Ces prélèvements importants affaiblissant notre adversaire, le moment paraissait donc judicieusement choisi pour reprendre l'offensive ; d'autre part, à la fin de ce même mois de novembre, nous obtenions de l'Angleterre la promesse que des forces plus nombreuses allaient prochainement débarquer en France.
 L'armée anglaise allait pouvoir étendre son front, ce qui nous permettrait de garder en réserve de nouvelles unités, destinées à nourrir nos attaques et à exploiter le succès.

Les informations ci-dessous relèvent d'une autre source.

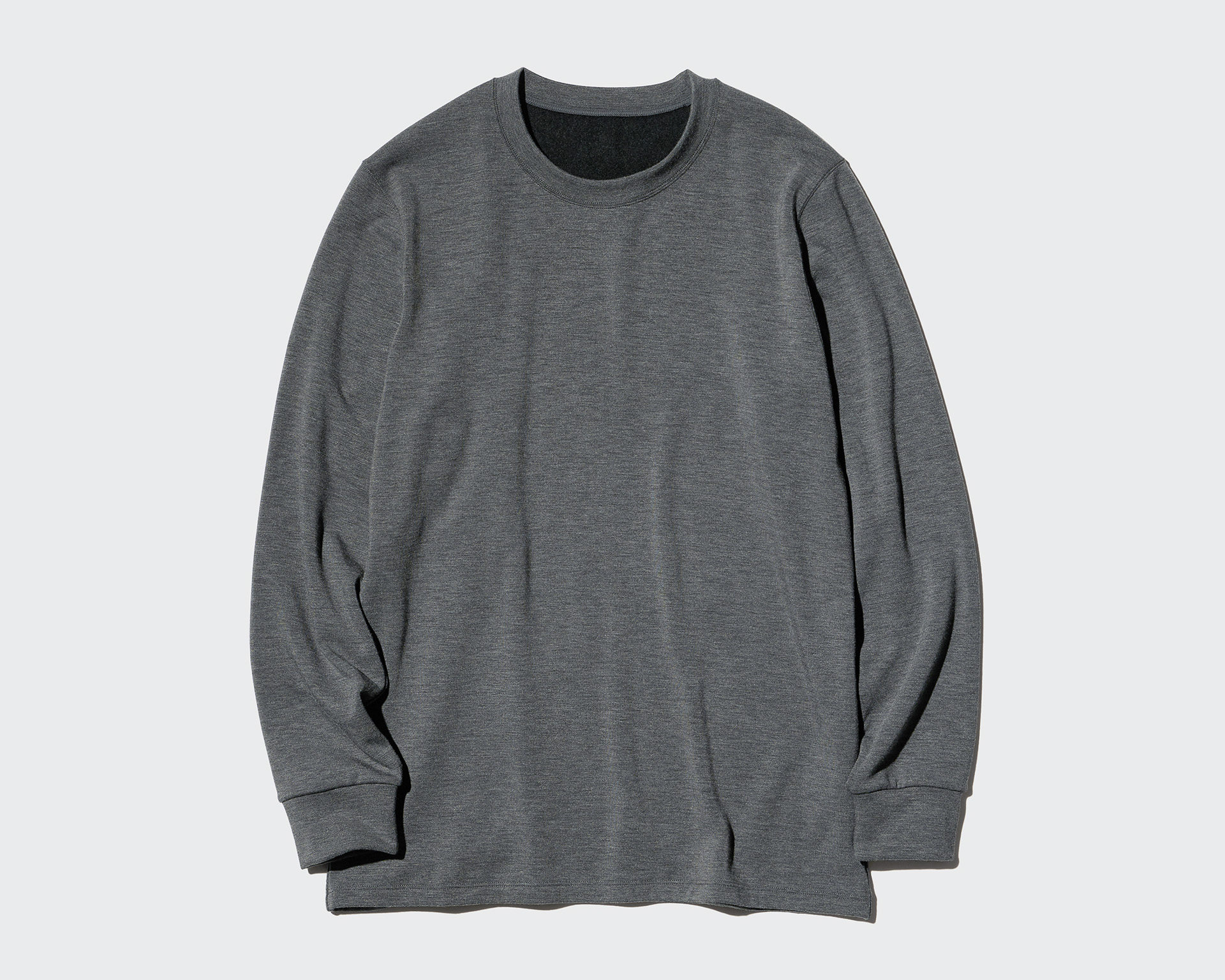 極暖ヒートテックカシミヤ クルーネック（2290円）。カラーはグレイ、ブラック、ナチュラル、ダークブラウン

Aussi, dès fin novembre, le Généralissime prescrivait-il aux armées de pousser nos lignes à distance d'assaut des lignes ennemies sur tous les points où il était possible d'envisager des attaques futures.
Ailleurs, au contraire, on devait accroître les défenses accessoires pour rendre les secteurs absolument inviolables.

Une instruction du 8 décembre prévoit deux offensives principales et quatre attaques secondaires :

LES OFFENSIVES PRINCIPALES :
L’offensive de la 10e armée en Artois
L'offensive de la 4e armee en Champagne

LES OFFENSIVES SECONDAIRES :
Le 2e corps en Argonne
La 8e armée dans les Flandres

La 2e armée à La Boisselle
Les 3e et 1e armées en Argonne et sur la Meuse

 
L'offensive de la 10ème armée en Artois (17 décembre 1914 - 17 janvier 1915)
 

Y étaient :

  • Félix JAUFFRET de Barjols (9ème BICM), tué à l'ennemi le 21 décembre 1914 à Mametz (Pas-de-Calais).
  • Marius BOUFFIER de Barjols (27ème BCA), tué à l'ennemi le 27 décembre 1914 à Carency (Pas-de-Calais).
  • Fernand LENT de Varages (27ème BCA), tué à l'ennemi le 27 décembre 1914 à Carency (Pas-de-Calais).
  • Anselme JULLIEN de Pourrières (27ème BCA), tué à l'ennemi le 27 décembre 1914 à Carency (Pas-de-Calais).
  • Alexandre MISTRE de Saint-Julien-le-Montagnier (27ème BCA), tué à l'ennemi le 27 décembre 1914 à Carency (Pas-de-Calais).
 
 

Le général de Maud'huy, par ses instructions des 12 et 13 décembre, avait indiqué comme but des attaques, la rupture du front ennemi sur les hauteurs 140 - La Folie.
Les attaques devaient être menées
--- Par le 33e corps d'armée, renforcé de la 45e division, dans la direction du bois de Berthonval
--- Par le 21e corps d'armée sur l'axe Aix Noulette-Souchez
--- Par le 10e corps d'armée au nord-est d'Arras

Le 1e corps de cavalerie était prêt à exploiter le succès et l'armée britannique devait coopérer à l'action, tout au moins par le corps indien qui formait son aile droite.
L'attaque proprement dite devait être lancée le 17 décembre, et comporter trois phases successives :
Le premier jour, on devait s'emparer de la crête Carency- La Targette ; le second jour, de la route Souchez-Arras ; le troisième jour, enfin, des hauteurs 140.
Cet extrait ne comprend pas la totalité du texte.